Create a Training Run

Last updated: Mar 04, 2022

Create a Training Run

Training runs are the organizing principle for using deep learning functions in IBM Watson Machine Learning. A typical scenario might consist of dozens to hundreds of training runs. Each run is defined individually and consists of the following parts: the neural network defined by using one of the supported deep learning frameworks and the configuration for how to run your training including the number of GPUs and location of the IBM Cloud Object Storage that contains your data set.

Attention: Support for Deep Learning as a Service and the Deep Learning Experiment Builder on Cloud Pak for Data as a Service is deprecated and will be discontinued on April 2, 2022. See Service plan changes and deprecations for details.

relation of experiments to training runs

This document explains how a training run can be set up and executed.

Prerequisites

Before you create a training run you must write the Python script that is used to deliver the training requirements. For expert information on specific requirements, see Coding guidelines for deep learning programs and follow the coding standards that are outlined there to ensure that your script can be processed without error.

Creating a model definition .zip file

You will define your neural network and associated data handling using one of the supported frameworks.

See also Coding Guidelines for Deep Learning Programs for structuring your code to integrate well with the service.

You will then package these files together by using the .zip format. For example, if the model was written in Torch then package your .lua files; if in TensorFlow/Keras/MXNet then compress your .py files. Other compression formats, such as gzip or tar are not supported. Consult the documentation for the Deep Learning framework you want to use in order to prepare the model definition files.

For example, a zip file tf-model.zip that contains the model definition for TensorFlow might contain the following output:

unzip -l tf-model.zip

Sample Output:

Archive:  tf-model.zip
  Length      Date    Time    Name
---------  ---------- -----   ----
     7094  09-21-2017 11:38   convolutional_network.py
     5486  09-19-2017 13:49   input_data.py
---------                     -------
    12580                     2 files

Upload training data

Your training data must be uploaded to a compatible IBM Cloud Object Storage service instance. The credentials from that IBM Cloud Object Storage instance will be used in your manifest file.
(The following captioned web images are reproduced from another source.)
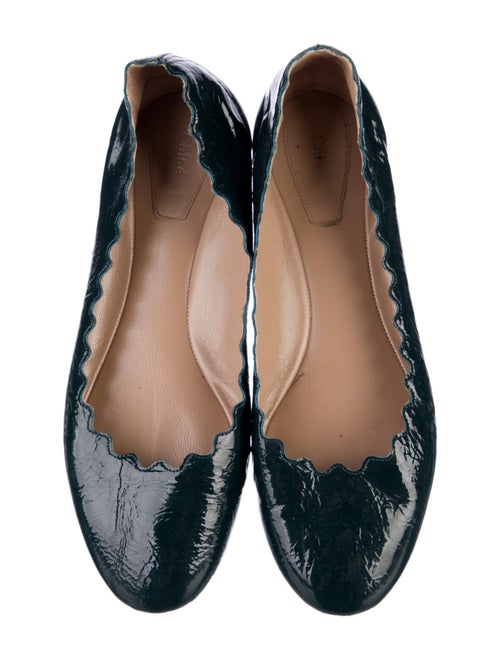 Chloé Patent Leather Scalloped Accent Ballet Flats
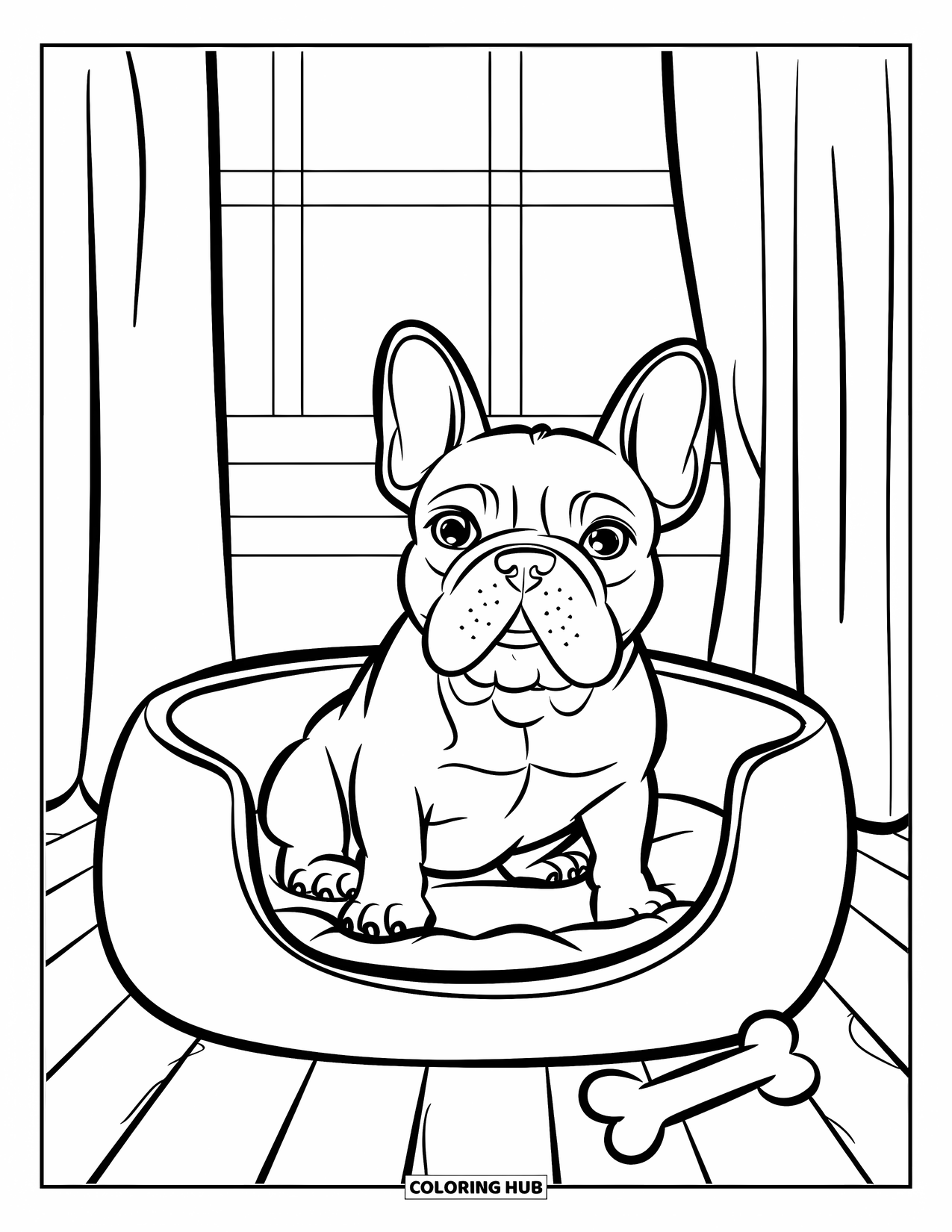 Desenho de Bulldog Francês para Crianças: Frenchie relaxa em uma cama no chão perto de uma janela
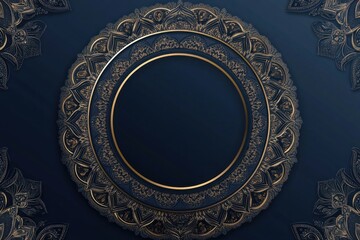 Elegant Golden Mandala Frame on Deep Blue Background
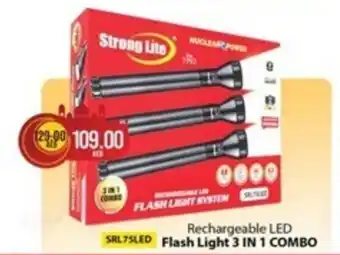 Safari Hypermarket Rechargeable LED Flash Light 3 IN 1 COMBO offer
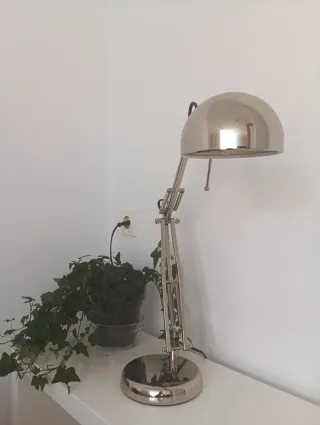 Lámpara Flexo Escritorio Metálica Dorada/Plateada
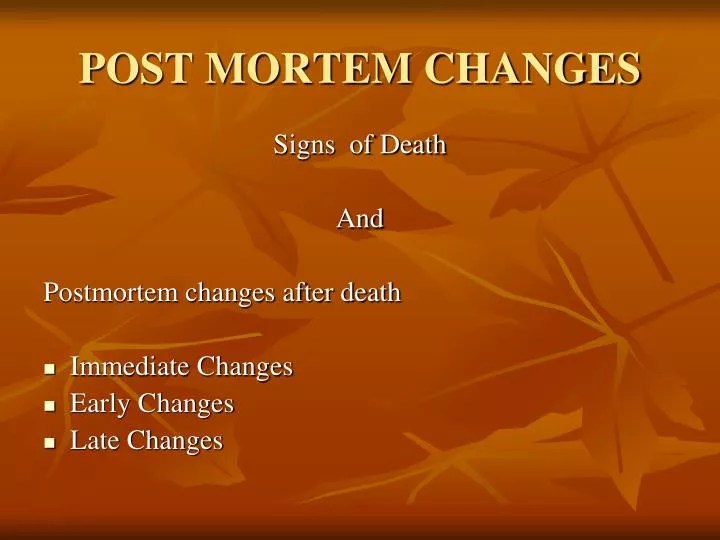 PPT POST MORTEM CHANGES PowerPoint Presentation, free download ID
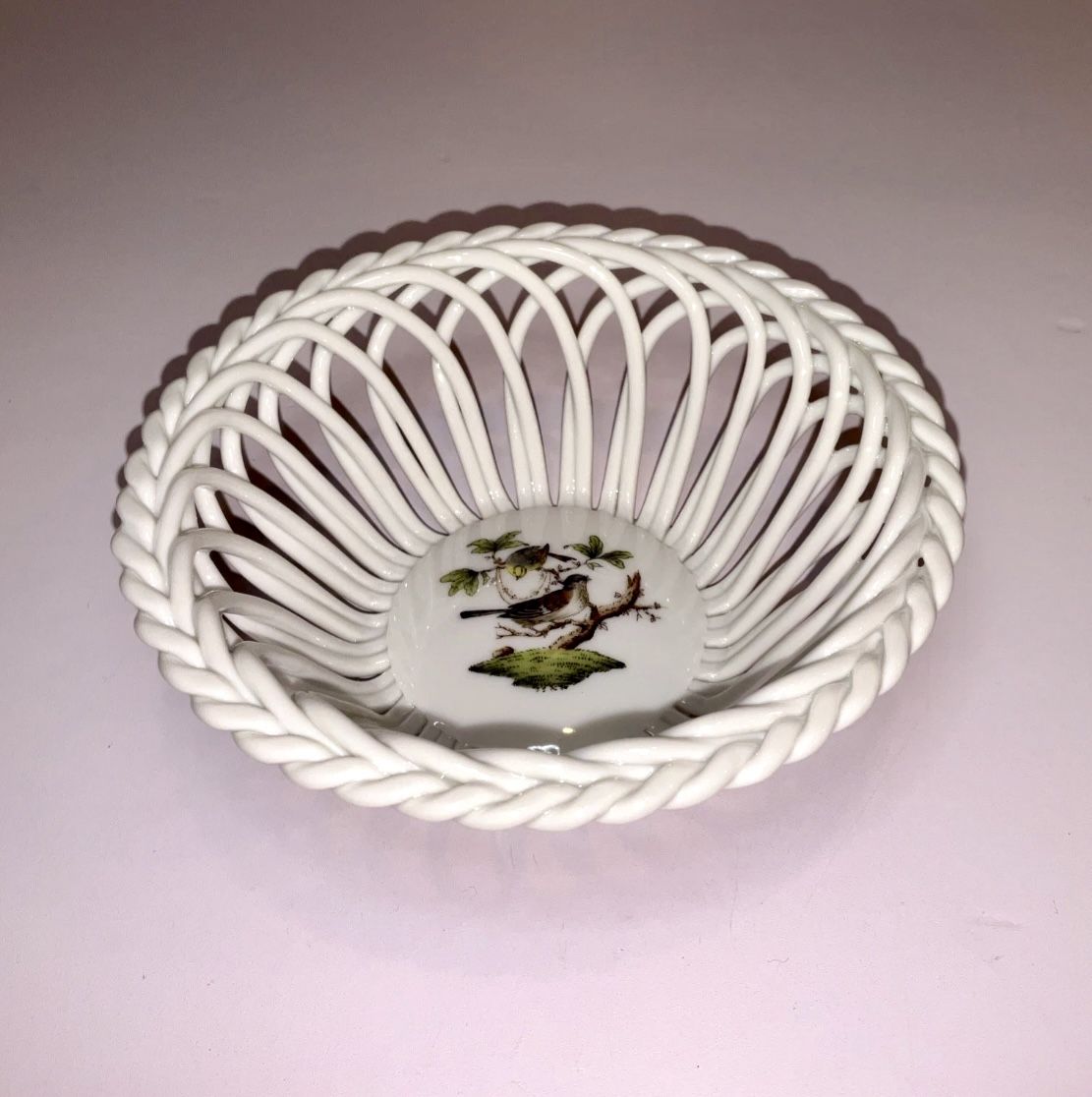 Vintage Herend Hungary "Rothschild Bird" Hand Painted Ceramic Basket/Dish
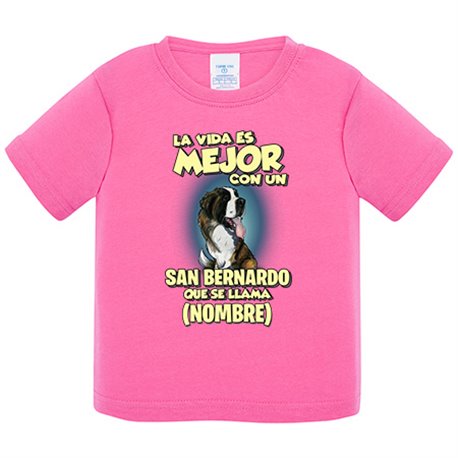 Camiseta bebé la vida es mejor con un perro raza San Bernardo que se llama personalizable con nombre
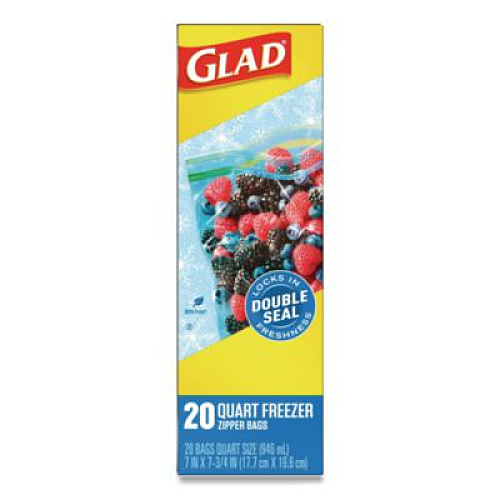 Glad Zipper Food Storage Plastic Bags, Freezer Bags, Quart Size, 7.75 x 8.44, Clear, 20 Bags/Box, 12 Boxes/Carton (57035)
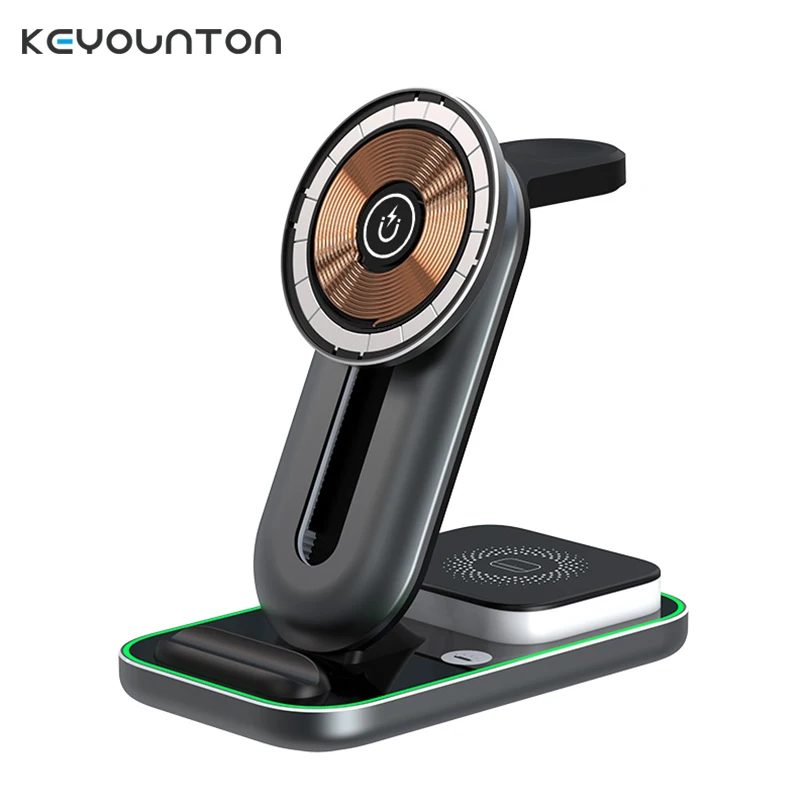 

Магнитная подставка для беспроводного зарядного устройства 4 в 1 для iPhone 12 13 14 Pro Max, зарядная станция для ламп Ambience для Airpods Pro3, часы 8 7 6 5 4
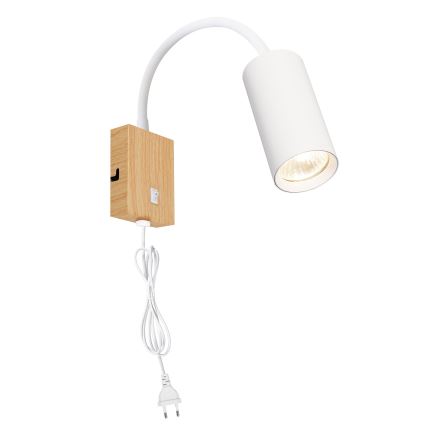 Brilagi - Säädettävä seinävalaisin SELE 1xGU10/30W/230V valkoinen/tammi-dekori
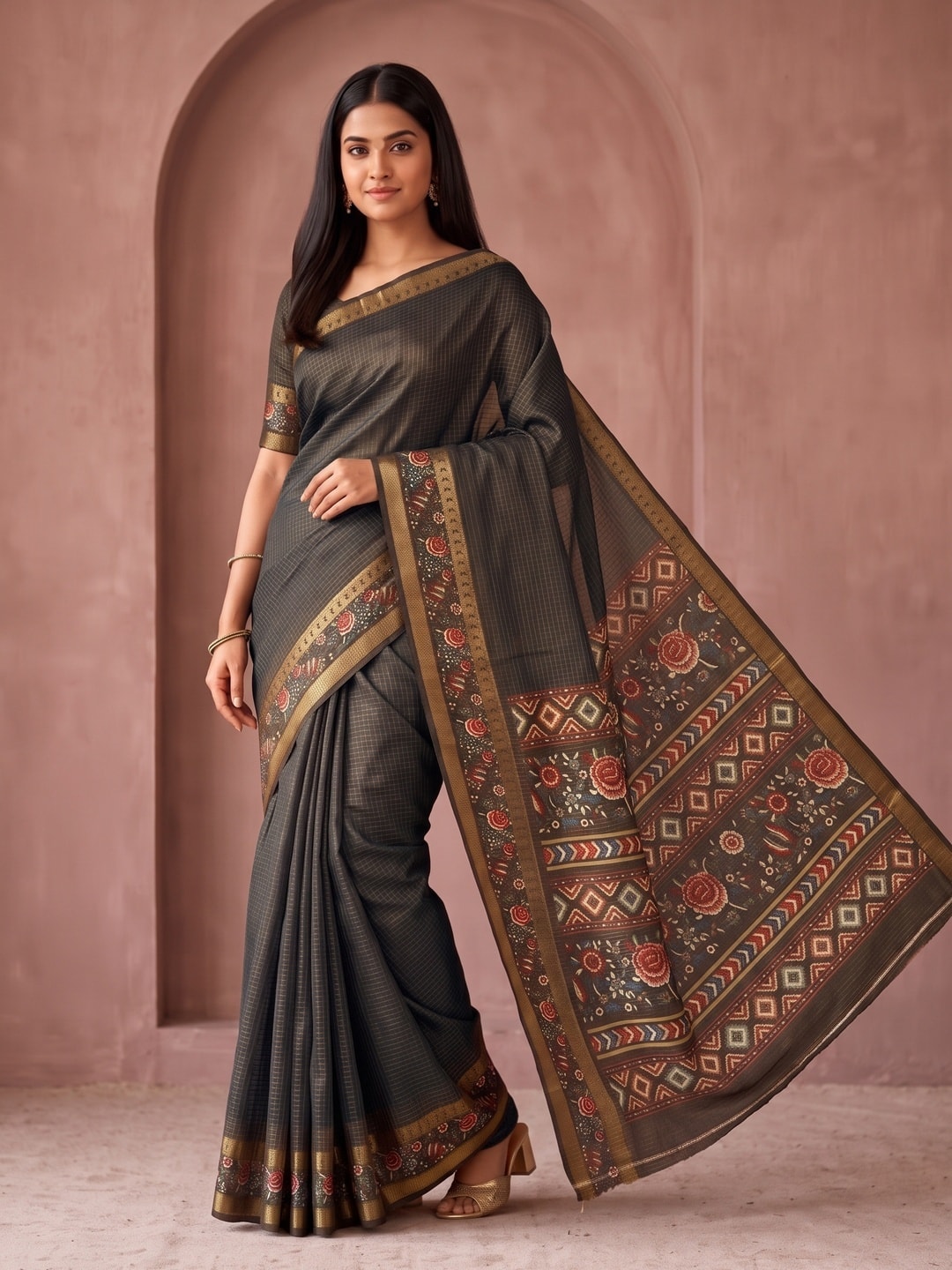 Peachmode Black Soft Cotton Bentex Chex Zari Jacquard Saree With Embroidery-Style Print Pallu - Image 1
The object store is also used to store the trained model and log files at the end of your training run.

Creating a training manifest file

The manifest is a YAML formatted file which contains different fields describing the model to be trained, including the deep learning framework to use, the IBM Cloud Object Storage configuration, the resource requirements, and several arguments (including hyperparameters) required for model execution during training and testing. Here, we describe the different fields of the model training file for deep learning, continuing our TensorFlow handwriting recognition example. Note that other fields, such as the frameworks.runtime field are ignored.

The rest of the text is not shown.